ACTIVITY
Copy task for the material below: print the line with "Stacked official folders" and every line after it to the end, exactly as written, without the pictures.

SOURCE DATA
┌────────

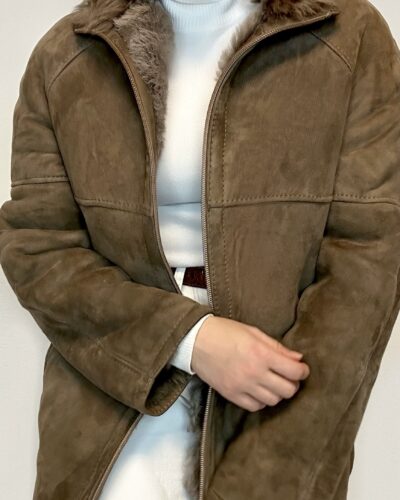 Walnut brown sheepskin winter coat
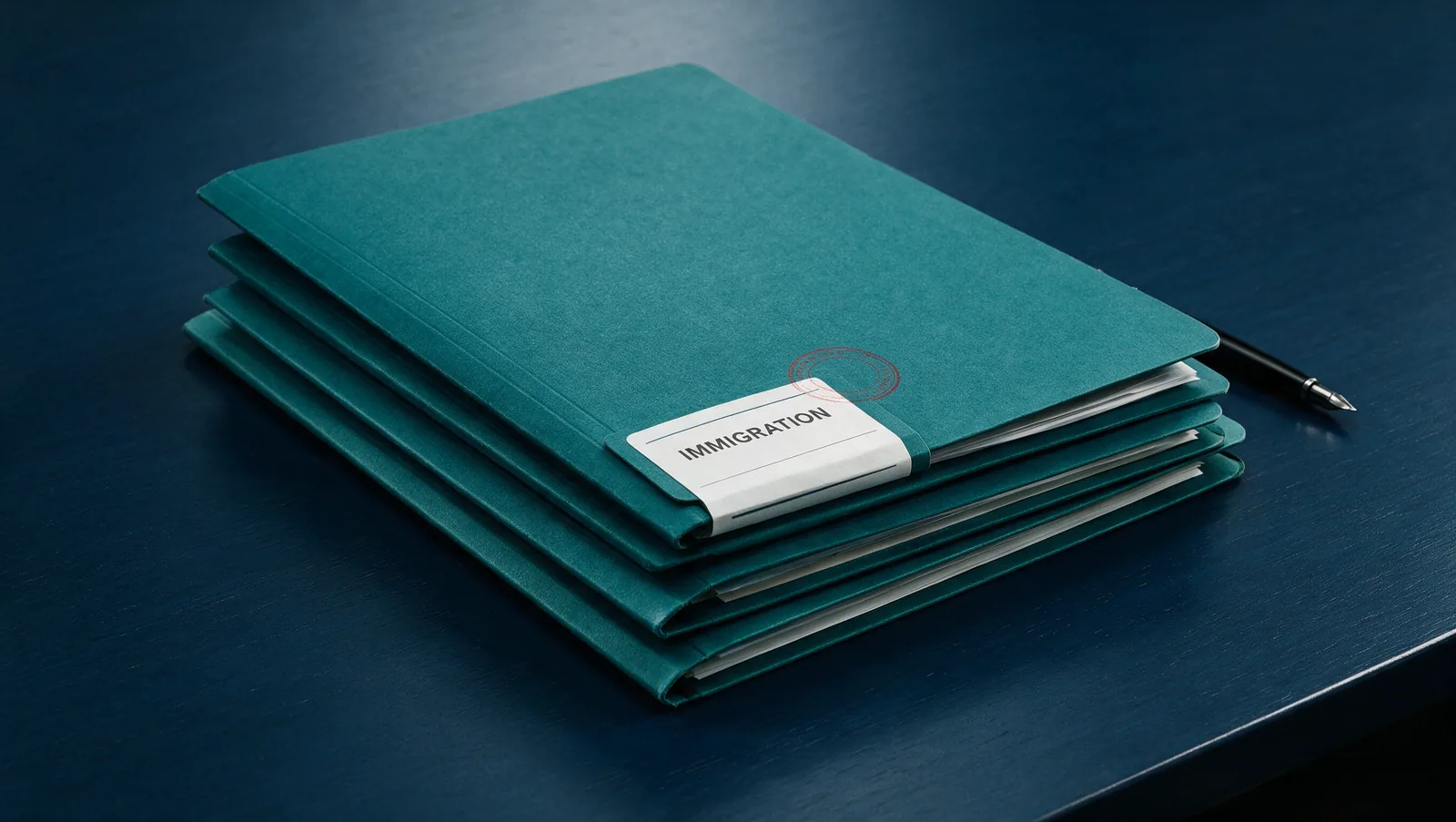 Stacked official folders labeled 'Immigration' with an official stamp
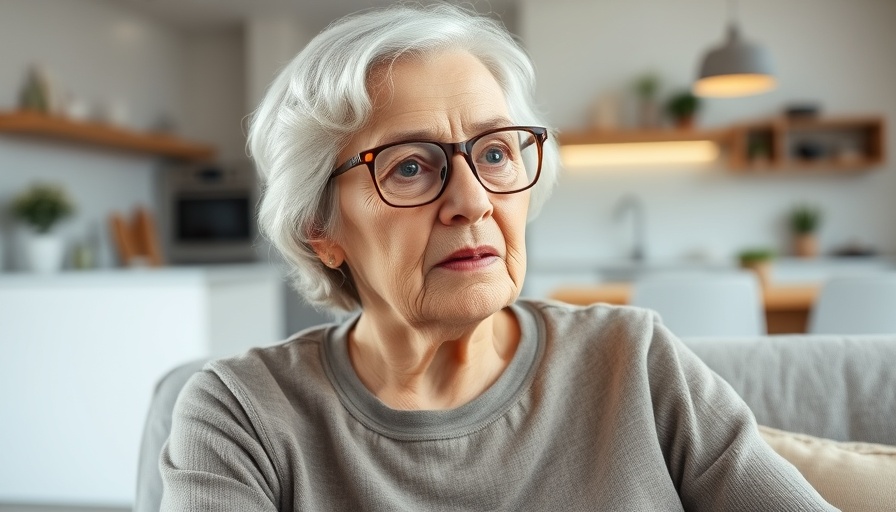 Thoughtful elderly woman in modern living room. Alzheimer's disease market growth.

└────────

ANSWER TO THIS PROBLEM
 Stacked official folders labeled 'Immigration' with an official stamp
 Thoughtful elderly woman in modern living room. Alzheimer's disease market growth.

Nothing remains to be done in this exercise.